WORK REQUEST: From the listing below, output only the lines starting at the line that has "Накладка-декорация на передний" and ending at the line that has "Cuadro minimalista degradado", exactly as they appear, ends included.

TASK MATERIAL:
------------

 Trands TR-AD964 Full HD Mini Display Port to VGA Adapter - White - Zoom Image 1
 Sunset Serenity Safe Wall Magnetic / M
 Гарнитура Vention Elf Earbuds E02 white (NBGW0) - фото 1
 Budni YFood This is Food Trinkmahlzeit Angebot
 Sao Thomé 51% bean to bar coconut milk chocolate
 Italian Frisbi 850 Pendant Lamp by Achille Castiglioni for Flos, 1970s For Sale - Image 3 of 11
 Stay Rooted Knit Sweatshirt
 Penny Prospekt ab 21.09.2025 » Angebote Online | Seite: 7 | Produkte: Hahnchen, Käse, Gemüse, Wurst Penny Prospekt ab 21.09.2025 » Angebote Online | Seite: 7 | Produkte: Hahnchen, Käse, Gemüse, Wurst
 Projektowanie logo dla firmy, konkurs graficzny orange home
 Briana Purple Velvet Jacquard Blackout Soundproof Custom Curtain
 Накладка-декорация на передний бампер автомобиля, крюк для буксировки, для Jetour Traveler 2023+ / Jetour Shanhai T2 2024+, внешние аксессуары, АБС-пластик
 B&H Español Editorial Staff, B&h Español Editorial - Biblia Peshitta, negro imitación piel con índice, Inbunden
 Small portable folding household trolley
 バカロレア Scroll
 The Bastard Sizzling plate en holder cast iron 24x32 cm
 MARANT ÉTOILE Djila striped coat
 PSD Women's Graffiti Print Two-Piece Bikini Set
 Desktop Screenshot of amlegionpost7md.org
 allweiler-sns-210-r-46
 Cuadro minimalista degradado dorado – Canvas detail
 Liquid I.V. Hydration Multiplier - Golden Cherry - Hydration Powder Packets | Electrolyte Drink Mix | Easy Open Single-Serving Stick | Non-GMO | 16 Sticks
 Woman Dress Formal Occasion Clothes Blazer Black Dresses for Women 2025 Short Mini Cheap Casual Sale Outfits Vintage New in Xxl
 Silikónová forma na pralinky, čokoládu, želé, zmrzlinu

------------

ANSWER SECTION:
 Накладка-декорация на передний бампер автомобиля, крюк для буксировки, для Jetour Traveler 2023+ / Jetour Shanhai T2 2024+, внешние аксессуары, АБС-пластик
 B&H Español Editorial Staff, B&h Español Editorial - Biblia Peshitta, negro imitación piel con índice, Inbunden
 Small portable folding household trolley
 バカロレア Scroll
 The Bastard Sizzling plate en holder cast iron 24x32 cm
 MARANT ÉTOILE Djila striped coat
 PSD Women's Graffiti Print Two-Piece Bikini Set
 Desktop Screenshot of amlegionpost7md.org
 allweiler-sns-210-r-46
 Cuadro minimalista degradado dorado – Canvas detail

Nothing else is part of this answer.